Gone are the days of fierce isolation when you could tell a prosperous tribe in the Naga Hills by the number of impaled human heads at the village threshold. The dozens of tribes that hunted, fought and danced on these forested mountains have been changed by colonialism, Christian missionaries and war. Ferocious battles between Japanese and Allied troops on these precarious slopes helped determine the Second World War and the aggressive cartography that followed as Britain carved up its empire, hacked the Naga region in two.
Today, the Naga Self-Adminitered Zone, a three-township province in the north of Myanmar is severed from Nagaland in India by a border that many still bitterly resent. Armed separatists have operated here, but the battles of the past have given way to the political activism of a new generation striving for a better deal for this secluded and deprived region, and to protect its culture.
A journey into the Naga areas of Sagaing State is to traverse breathtaking, perilous mountainous terrain and inhospitable bureaucracy. Travel restrictions imposed by Myanmar authorities have veiled the region from most visitors — except the army and military-controlled civil service, which have a large presence.
To get to Lahe, the administrative capital of the region, we flew from Yangon to Mandalay, then took an intrepid little turboprop that bounced through the clouds into Hkamti. From there a six hour drive on slicing switchback roads that were in places no more than a raw gash on a tumbling mountainside. The pristine forests here screech and clamour with birdsong and rare orchids cling demurely to the moss-streaked trunks of towering trees.
There are 10 Naga tribes on the Myanmar side of the border; Tangshang, Konyak, Makury, Somra Tangkhul, Lainong, Lamkang, Moyon, Anal, Para, Khiamniungan. Their languages are myriad and often mutually incomprehensible.
Every year a huge festival brings together the area's diverse tribes in a vibrant display of local culture, song and dance, drawing in huge crowds from around the country. This is also one of the rare moments that foreign visitors venture into this region, catching a glimpse of Nagas in their finest traditional clothing of animal hide, shells and feathers. For our first trip, we wanted to look beyond those annual celebrations and speak to people as they went about their ordinary lives. So we went off season.
The Naga townships Lahe, Nanyun and Leshi have a combined population of 62,766, with 40% of people under 15. It’s not easy growing old here: only 3% are aged 65 and over, compared to 6% in the country as a whole.
Decades of state neglect and indifference to local needs has taken its toll on local people, who are mainly in remote communities cut off from adequate healthcare and education.

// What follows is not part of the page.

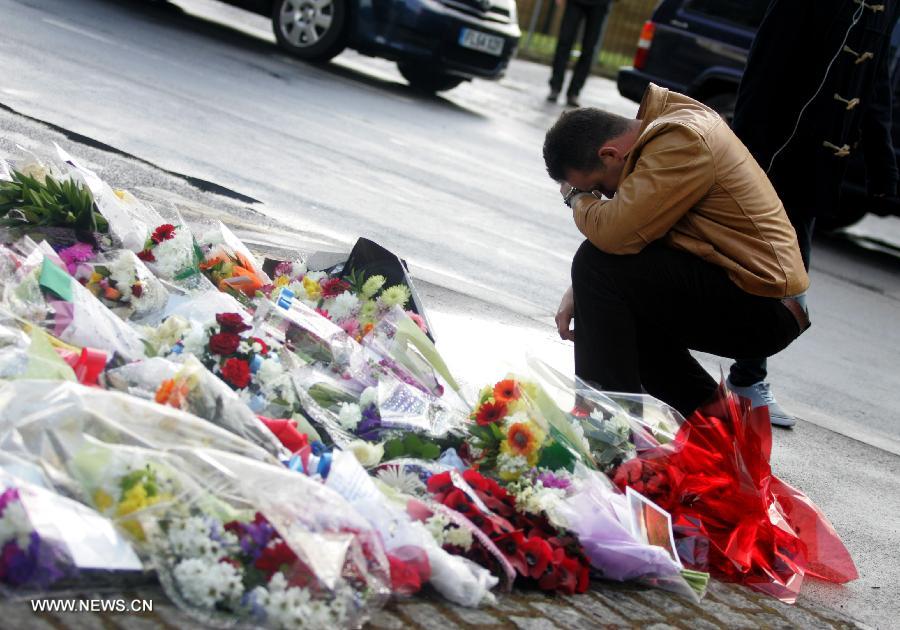 Flowers are laid at the entrance to the Royal Artillery Barracks in Woolwich in southeast London, May 23, 2013. A serving soldier was hacked to death by two attackers wielding knives including a meat cleaver near the Royal Artillery Barracks in Woolwich on Wednesday afternoon. (Xinhua/Bimal Gautam)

Literacy is lower here than in other parts of Myanmar. Only 33% of over 15s in the Naga region can read and write and in largely rural Lahe, this dives to 20%. Compare that to 89.5% in the country as a whole.
Older people are much less likely to have a formal education, with a staggering 72% of over 25s in the Naga region without any school grades completed. There has been an uptick in central government provision in recent years, with around half younger people (aged five to 29) having finished some level of education.
And there is a deep gender divide. A quarter of men in Lahe were listed as literate in 2014, compared to 16% of women. Several older women regretfully told us their parents had prevented them from attending school — making them all the more determined to educate the girls in their families.
Language is also a major challenge. Naga languages spoken here are not taught in a state curriculum that has been heavily criticised for its blunt promotion of the national Myanmar language at the expense of those for whom it is a foreign tongue. Naga dialects are part of the communities’ oral traditions, although there have been efforts to create a written form in recent years to preserve the languages and the cultures they describe.